When teaching Europeans, ESL tutors spend a lot of time explaining the difference between the simple past vs. present perfect and, the present perfect vs. present perfect continuous. Here are some exercises to help your students understand the difference.

Simple past vs. present perfect

The difference between these two tenses is all about the time. We use the simple past when the action occurs in a time-frame that is finished. Another way to say this is ‘closed time.’

For example: ‘Steve played tennis yesterday.’

We use the present perfect when the action occurs in a time frame that continues. Another way to say this is ‘open time.’ Note: With present perfect, usually the action is finished, but it’s the time that continues.

For example: ‘Jane has eaten an apple this week.’ Jane finished eating the apple in the past but this week continues.

Simple past vs. present perfect activity

Help your students distinguish between these two tenses, with this activity.

Step one: Explain the ‘closed time,’ ‘open time’ concept.

Step two: Ask your student to give you examples using closed time markers such as ‘yesterday’, ‘last week’, ‘last year’ and open time markers such as ‘today’, ‘this week’, ‘this year.’

Step three: Next, ask your student to imagine that it is 3pm.

Step four: You say a time marker and ask your student whether it is open time or closed time.

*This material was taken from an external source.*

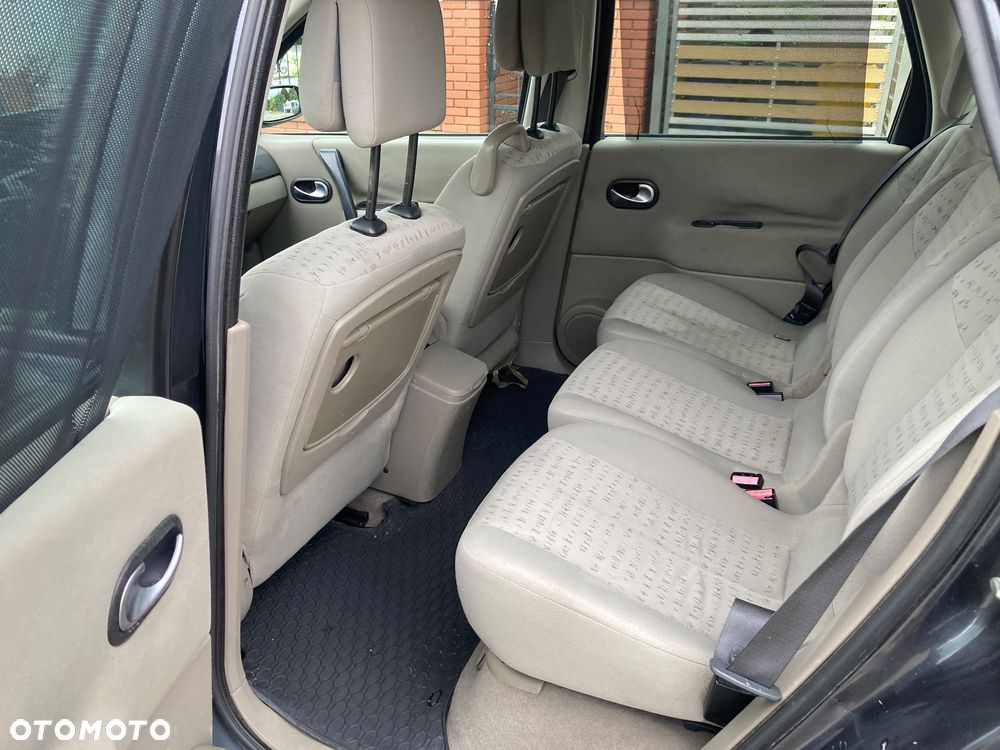 Renault Scenic 1.6 16V Confort Authentique - 8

Each time they answer, ask them to give you an example. Make the time-frame gradually smaller until you end with ’10 minutes ago.’

Time frames
Closed time Open time
Yesterday Today
Last week This week
Last month This month
Last year This year
This morning This afternoon
2pm This hour
10 minutes ago So far
  In the last few hours, days, weeks, months, years.

Step five: Finally, get your student to answer these questions using the past simple or present perfect. Then practice the other tense by saying things like: ‘And this week?’

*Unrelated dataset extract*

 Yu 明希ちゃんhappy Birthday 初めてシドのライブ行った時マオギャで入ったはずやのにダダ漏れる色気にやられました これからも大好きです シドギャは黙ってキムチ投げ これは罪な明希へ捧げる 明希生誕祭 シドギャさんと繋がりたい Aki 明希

Simple past vs. present perfect drill.
  • How many coffees did you drink yesterday? (past simple)
  • And today? (present perfect)
  • How many packages have you sent this week?
  • And last week?
  • How many emails did you write this morning?
  • And this afternoon?
  • How many people did you see yesterday?
  • And today?
  • How many times have you gone to the gym this month?
  • And last month?

Continue until your student understands the difference between the two tenses.

Present perfect vs. present perfect continuous

We use the present perfect continuous when the action starts in the past and continues to the present. For example: ‘She has been working for the company for 5 years.’

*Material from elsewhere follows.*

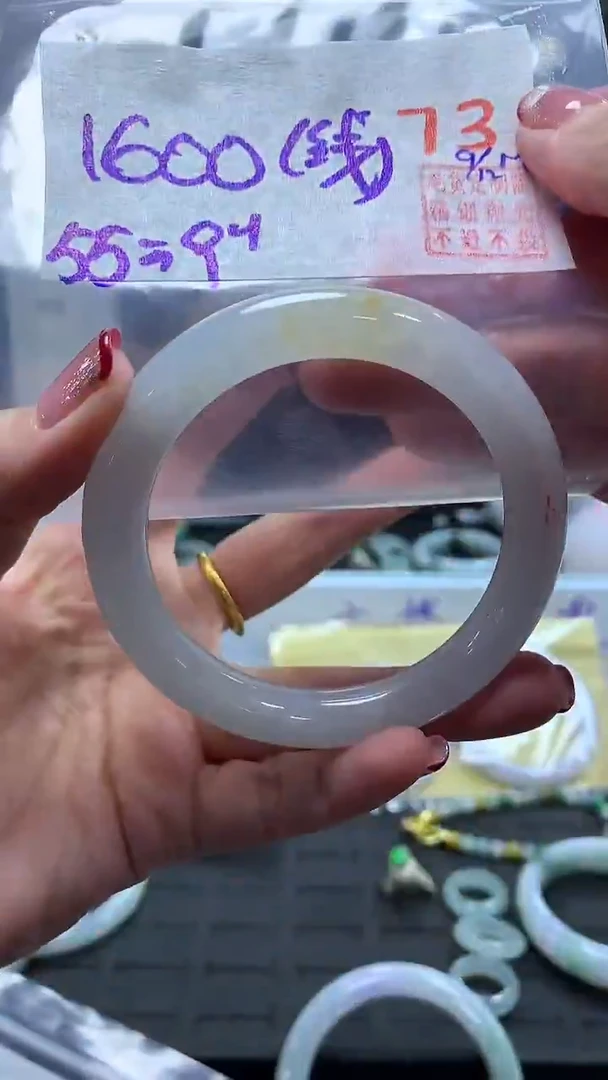 未镶嵌定制翡翠73毛货需精细抛光多样性发1件1600元（色线）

With the present perfect, the action has usually finished but in a time-frame that continues. For example: ‘I have watched two films this week.’ Watching the films happened in the past, but the week continues.

However, state verbs such as, ‘to have’ for possession and ‘to know,’ cannot usually be put into continuous tense. Therefore, we use the present perfect if the action continues and not the present perfect continuous.

For example: ‘I have known John for 10 years’, not, ‘I have been knowing John for 10 years’ or ‘how long have you had that pen?’ not, ‘how long have you been having that pen.’

Common state verbs are:

Opinions: To love, to like, to have, to think (as in opinion), to believe, to prefer, to appear, to seem, to suppose.

Descriptions of things: To belong, to contain, to exist, to consist, to be + adjective.

Also: To know, to understand, to have (as in possession), to remember.

State verbs that double as action verbs

Some verbs, however, can be either an action or a state as they have two meanings. These are:

Think: Is a state when it is an opinion; ‘She thinks France is a lovely country’ and an action when speaking about ideas; ‘He is thinking about going on holiday.’

Have: Is a state when it talks about a possession; ‘He has a car’ and an action when talking about ‘having food’ or ‘having a good time.’

Remember: Is a state when talking tasks; ‘Remember to turn off the light’ and an action when talking about memories; ‘He sat on the porch, remembering his Grandfather.’ This is mainly used in literature.

Homework: present perfect vs. present perfect continuous activity

Help your students understand when to use the present perfect and when to use the present perfect continuous, with this exercise for homework.

Copy of the present perfect vs. present perfect continuous activity

Melissa and John (1. to be married) for 10 years. Melissa (2. work) for her company for 10 years. She has also (3. study) for her MBA for the last two years.

John owns a furniture company. He (4. have) his company for 5 years. This week John (5. sell) 10 dining tables and 5 sofas.

Melissa and John (6. live) in their apartment for 8 years. They live next door to a young couple. They (7. known) their neighbours for three years. John likes home improvement. He (8. paint) the terrace for two weeks. It is a large terrace and he (9. use) two pots of paint already.

Melissa and John are looking after a friend’s dog called Sam. Sam (10. have) a long walk today and so he is happy. He (11. stay) with Melissa and John for quite a long time – over two weeks already.

Melissa and John don’t mind. They (12. enjoy) the company. Sam likes to watch the wildlife in the garden. He (13. chase) three cats around the garden so far.


1 have been married, 2. has been working, 3. has been studying, 4. has had, 5. has sold, 6. have been living, 7. have known, 8. has been painting, 9. has used, 10. has had, 11. has been staying, 12. have been enjoying, 13. has chased.